Sometimes they may result in no impact upon quality – in which case major government expenditures on such changes have been wasted. The educational planner working within this kind of environment must be able to undertake assessments of the effects of major changes and then provide policy advice that will consolidate and extend the post productive courses of action, and also intercept and terminate existing practices that are shown to be damaging and wasteful.

An exploratory study is undertaken in situations where there is a lack of theoretical understanding about the phenomena being investigated so that key variables, their relationships, and their (potential) causal linkages, are the subject of conjecture. In contrast a confirmatory study is employed when the researcher has generated a theoretical model (based on theory, previous research findings, or detailed observation) that needs to be tested through the gathering and analysis of field data.

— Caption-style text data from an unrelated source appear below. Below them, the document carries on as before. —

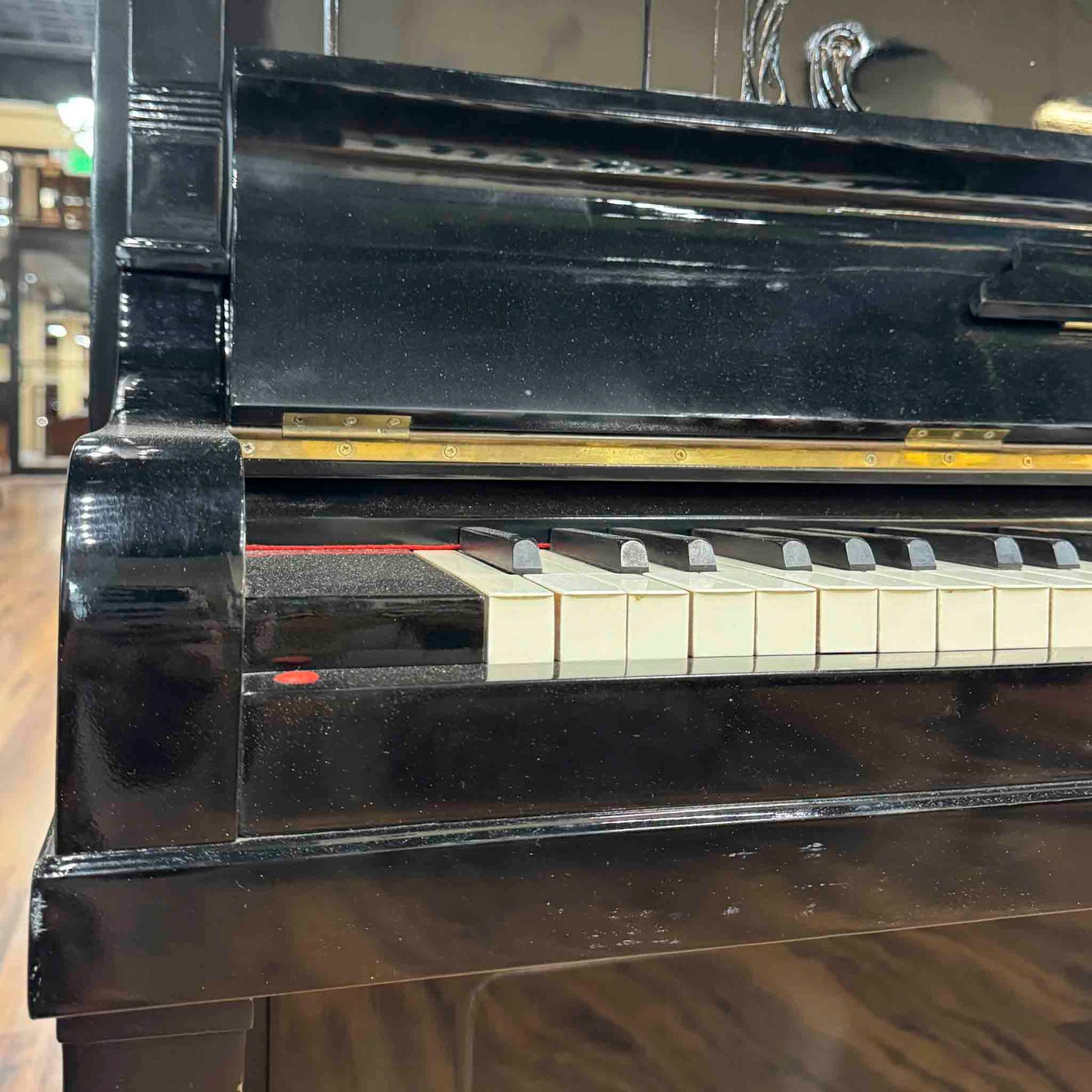 CURRENT SHOP WORK - 1909 Friedrich Prein 51.5" Polished Black Commissioned Upright Piano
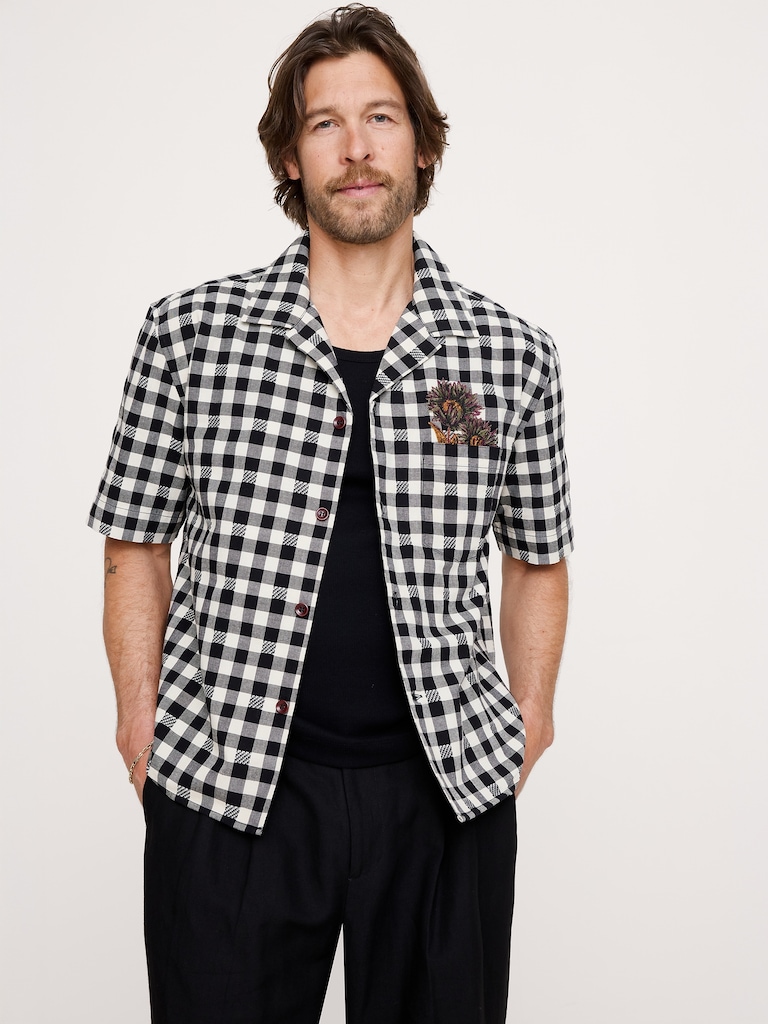 Relaxed-Fit Embroidered Cotton Resort Shirt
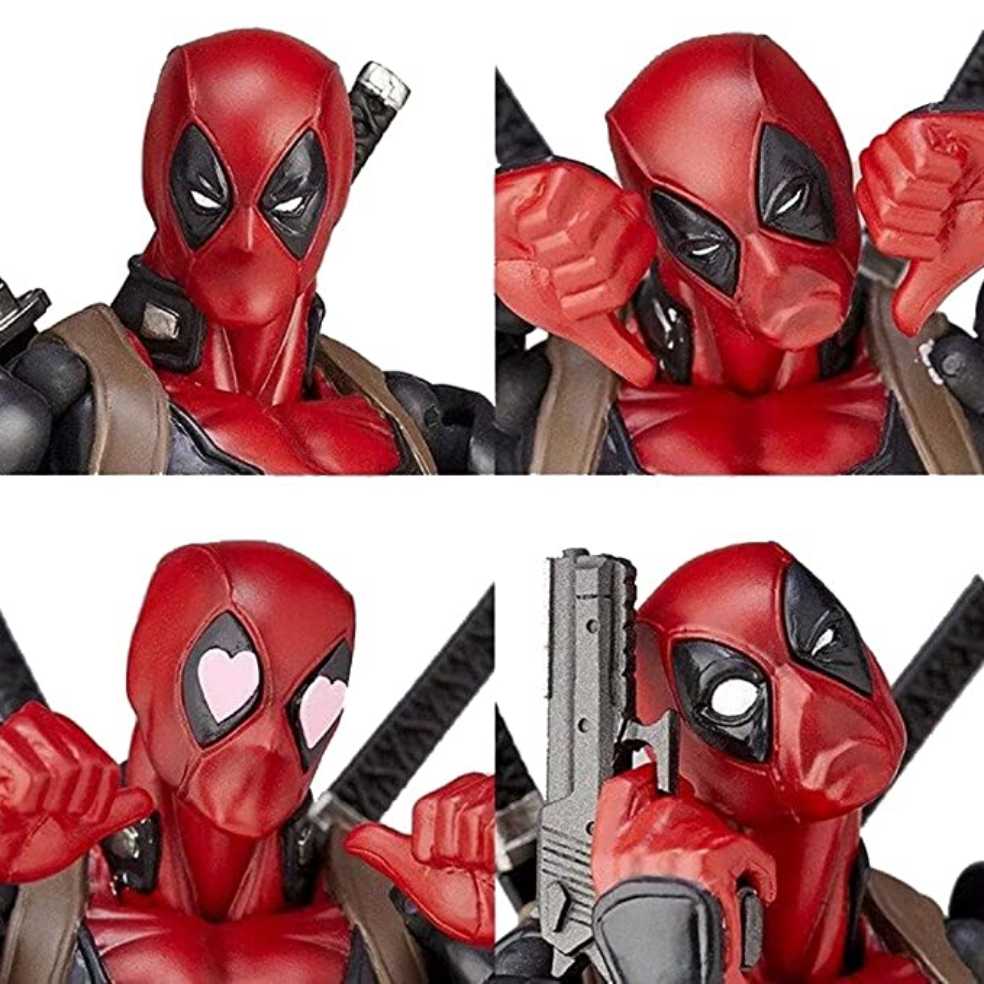 Deadpool ver.2 - Revoltech (Marvel) action figure collectible [Barcode 4537807013453] - Main Image 2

The review of literature aims to describe the ‘state of play’ in the area selected for study. That is, it should describe the point reached  by the discipline of which the particular research study will form  a part. An effective literature review is not merely a summary of research studies and their findings. Rather, it represents a ‘distillation’ of the essential issues and inter-relationships associated with the knowledge, arguments, and themes that have been explored in the area. Such literature reviews describe what has been written about the area, how this material has been received by other scholars, the major research findings across studies, and the major debates in terms of substantive and methodological issues.